Harold Koenig, a professor of psychiatry and behavioral science, led a team that did a systematic review of data-based quantitative research published in peer-reviewed journals between 1872 and 2010 on religion, spirituality, and health. It found that spirituality had an overall inverse effect on suicide, anxiety, depression, almost all psychiatric conditions. Spiritually inclined people had positive character traits, a good sense of control, and generally score high on a happiness index regardless of denomination.8
Good spiritual health allows one to believe Jesus, as when He told His disciples, “Peace I leave with you, My peace I give to you; not as the world gives do I give to you. Let not your heart be troubled, neither let it be afraid” (John 14:27). In claiming such promises, we can find mental and emotional peace.

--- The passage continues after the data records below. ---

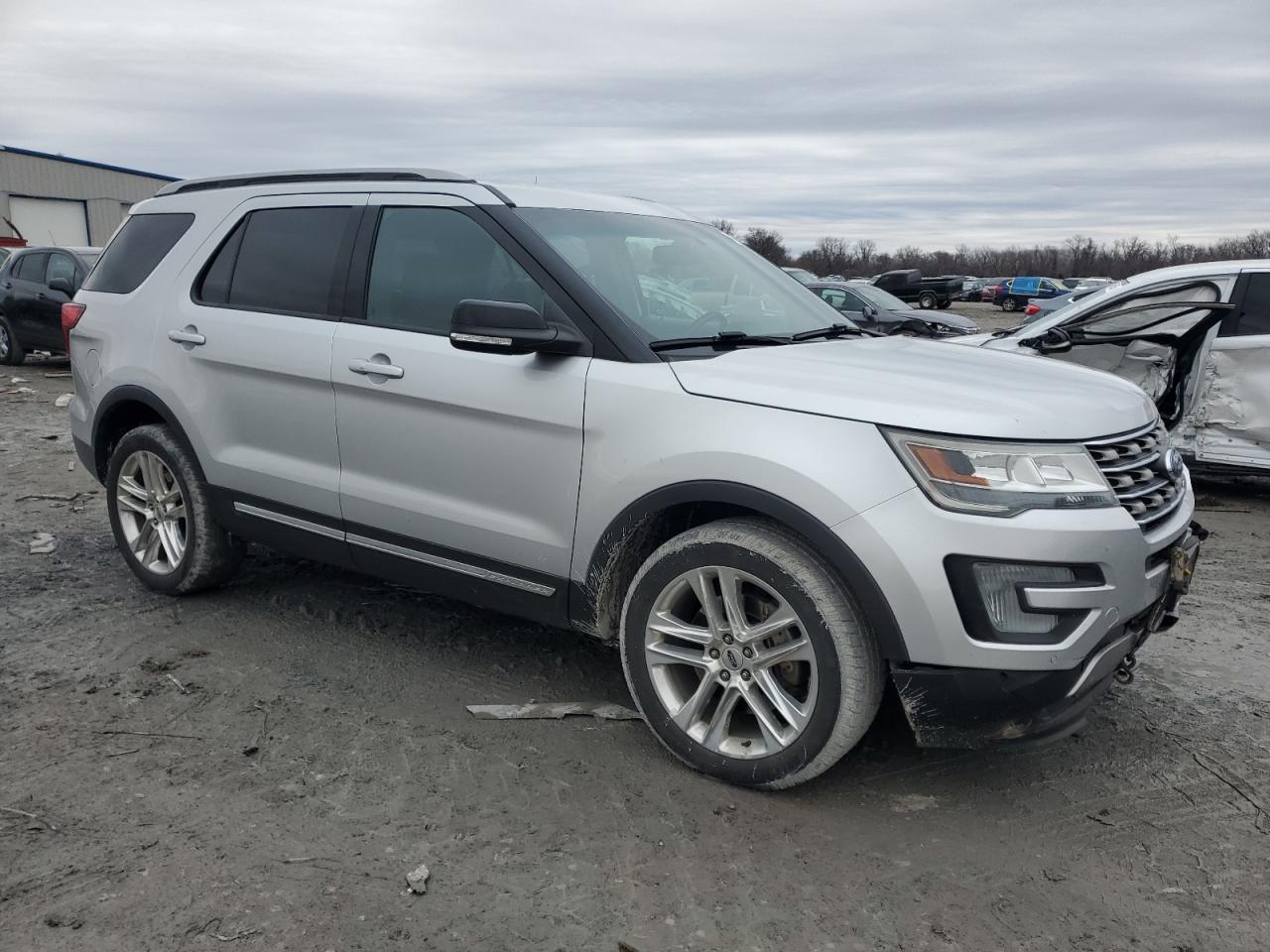 2016 Ford Explorer VIN 1FM5K8D88GGB62325 Copart auction photo, front end / minor dent/scratches damage thumbnail 4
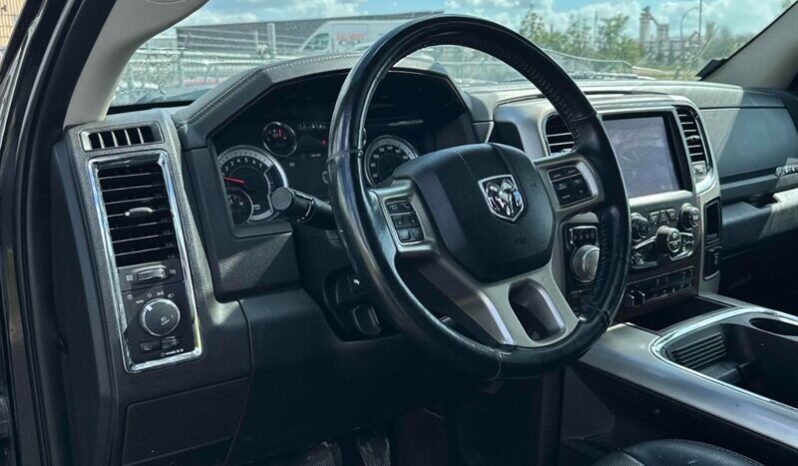 
								2018 RAM 1500 Laramie full									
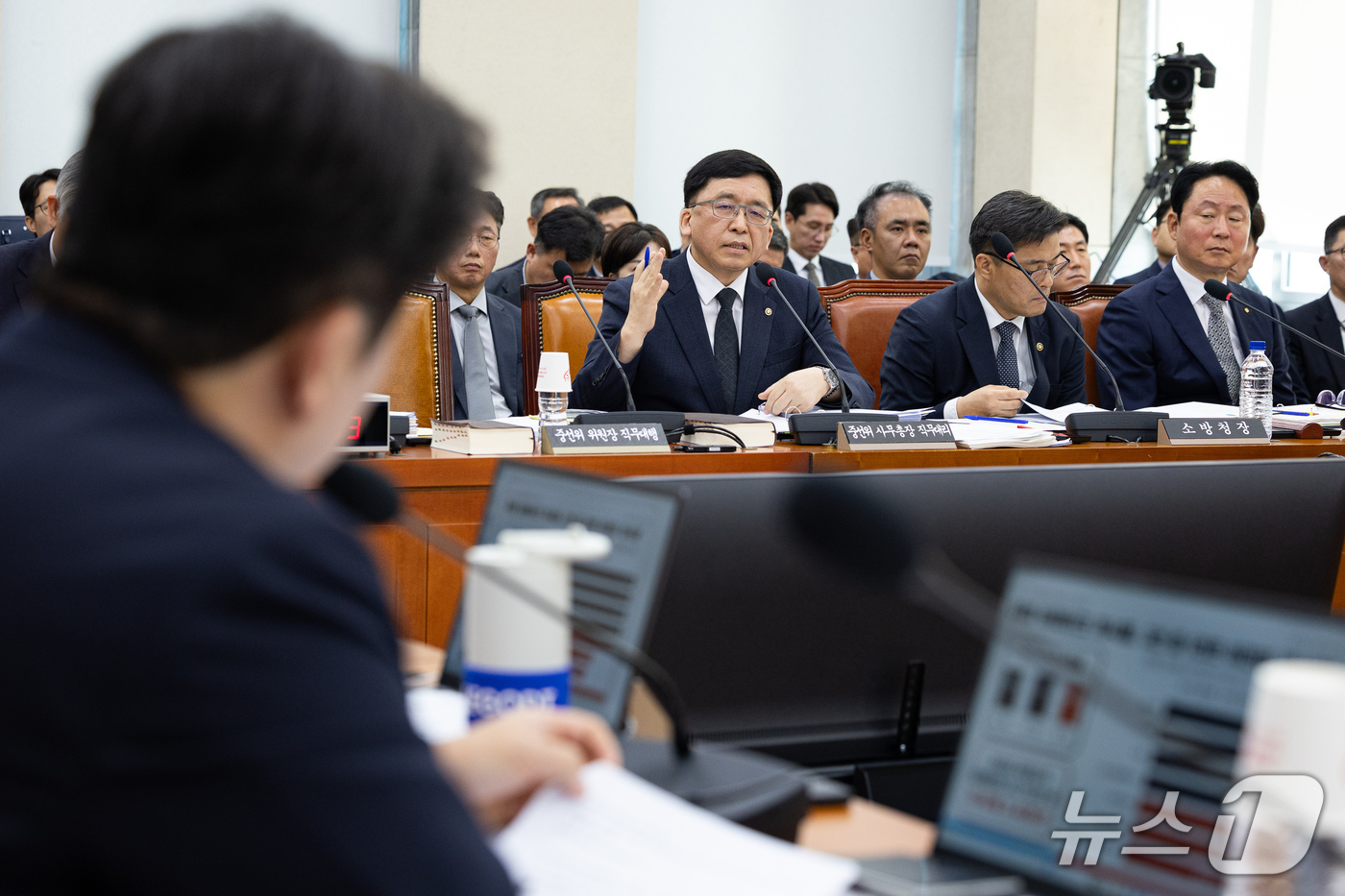 (서울=뉴스1) 유승관 기자 = 강동완 중앙선거관리위원회 사무총장 직무대행이 7일 서울 여의도 국회에서 열린 행정안전위원회의 중앙선거관리위원회 등에 대한 국정감사에 출석해 진종오 …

Communion with God is essential to our emotional and spiritual health. Many of us do not fully understand how prayer works or how to harness its power. Most do not fully understand how the phone connects people across oceans, yet we connect all the same. In the same manner, prayer is a powerful means of connecting with our Father in heaven and letting Him connect us with others.
With our current knowledge of the effects of lifestyle choices such as foods, life partners, media consumption, physical activity, etc., Adventists, through the Spirit of Prophecy and the Bible, have always had access to these counsels. Anyone whose spiritual commitment allows them to claim the promise of Jesus in John 13:17, “If you know these things, blessed are you if you do them,” could expect not only spiritual health from obedience to His Word, but balanced health in all aspects of life.
1 Constitution, World Health Organization (1948), www.who.int/about/mission/en/. 2 Harold G. Koenig, “Religion, Spirituality, and Health: The Research and Clinical Implications,” International Scholarly Research Notices (2012). 3 Linda K. George, David B. Larson, Harold G. Koenig, and Michael E. McCullough, “Spirituality and Health: What We Know, What We Need to Know,” Journal of Social and Clinical Psychology 19, no. 1 (2000): 102-116. 4 Ellen G. White, Counsels on Health (Mountain View, Calif.: Pacific Press Pub. Assn., 1923), p. 67. 5 Ellen G. White, Steps to Christ (Mountain View, Calif.: Pacific Press Pub. Assn., 1956). p. 101. 6 George et al. 7 www.who.int/features/factfiles/mental_health/en/ 8 Koenig.